*** Opening EXTRACTED INFORMATION ***

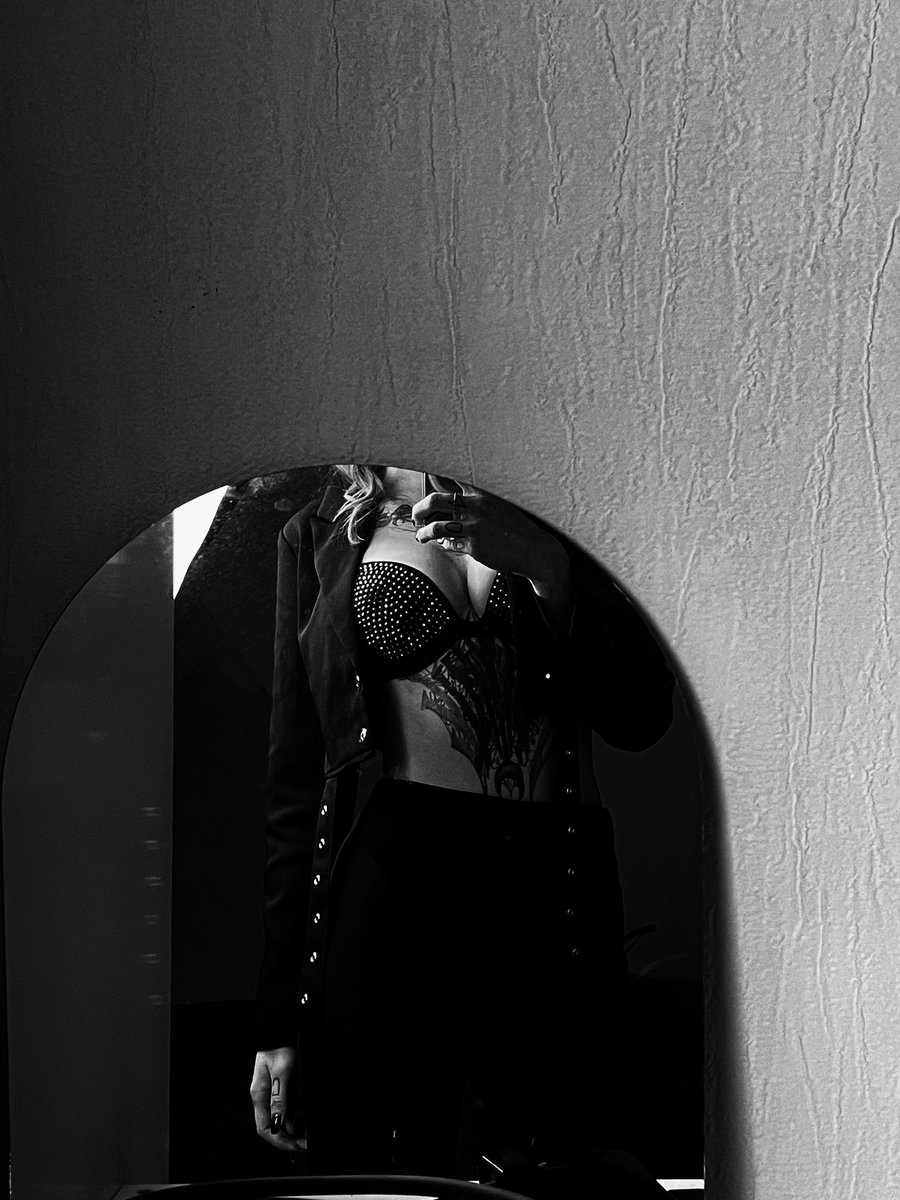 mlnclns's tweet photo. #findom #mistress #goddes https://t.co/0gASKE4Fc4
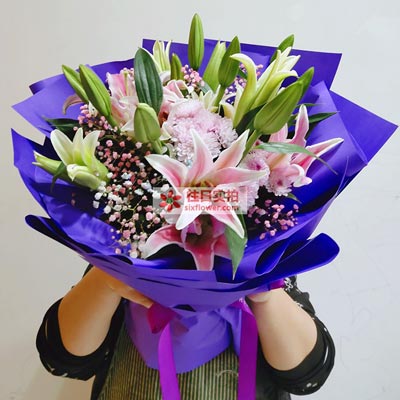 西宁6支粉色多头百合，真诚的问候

*** Closing EXTRACTED INFORMATION ***
*** Opening EXTRACTED INFORMATION ***

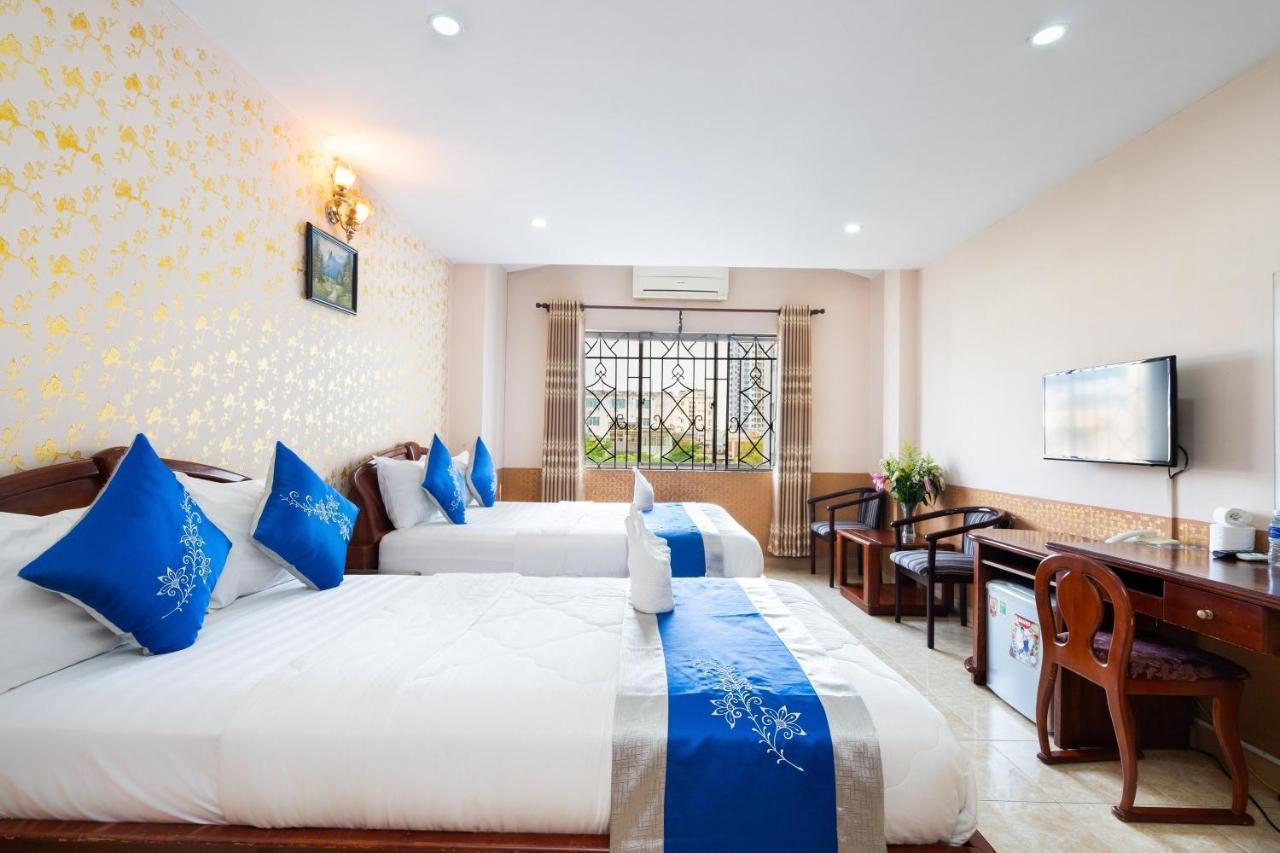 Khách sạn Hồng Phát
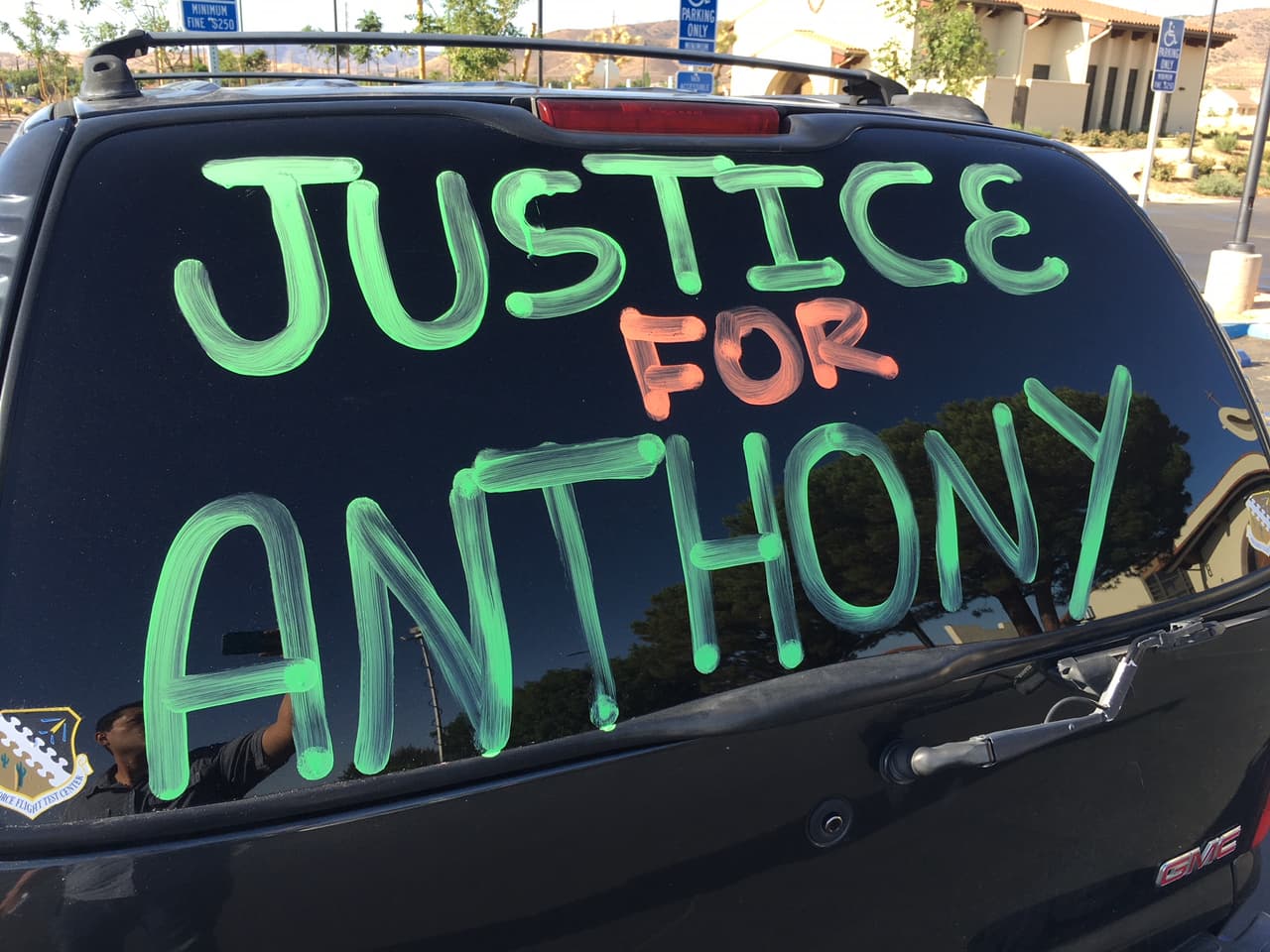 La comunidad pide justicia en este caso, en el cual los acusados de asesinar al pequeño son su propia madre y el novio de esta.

*** Closing EXTRACTED INFORMATION ***

§ WHAT IS BEING ASKED: "Khách sạn Hồng Phát" marks the first line to copy, and "La comunidad pide" marks the last. Repeat that stretch above exactly, with no pictures.

§ SOLUTION TO THIS TASK:
 Khách sạn Hồng Phát
 La comunidad pide justicia en este caso, en el cual los acusados de asesinar al pequeño son su propia madre y el novio de esta.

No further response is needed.